Exercise brief:
In the entries below, find the line with "Audi A3 3 of 13" and the line with "sniper shooter screenshot 2". Return those two lines and all lines between them, exactly.

Data to examine:

________________________________________

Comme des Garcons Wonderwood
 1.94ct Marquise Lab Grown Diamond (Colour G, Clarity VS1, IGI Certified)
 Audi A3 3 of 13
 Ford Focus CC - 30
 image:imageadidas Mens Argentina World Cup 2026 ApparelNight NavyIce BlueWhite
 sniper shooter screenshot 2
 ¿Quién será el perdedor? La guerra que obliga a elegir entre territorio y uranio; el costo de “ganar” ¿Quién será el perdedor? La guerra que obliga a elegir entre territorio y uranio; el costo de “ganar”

________________________________________

Task output:
 Audi A3 3 of 13
 Ford Focus CC - 30
 image:imageadidas Mens Argentina World Cup 2026 ApparelNight NavyIce BlueWhite
 sniper shooter screenshot 2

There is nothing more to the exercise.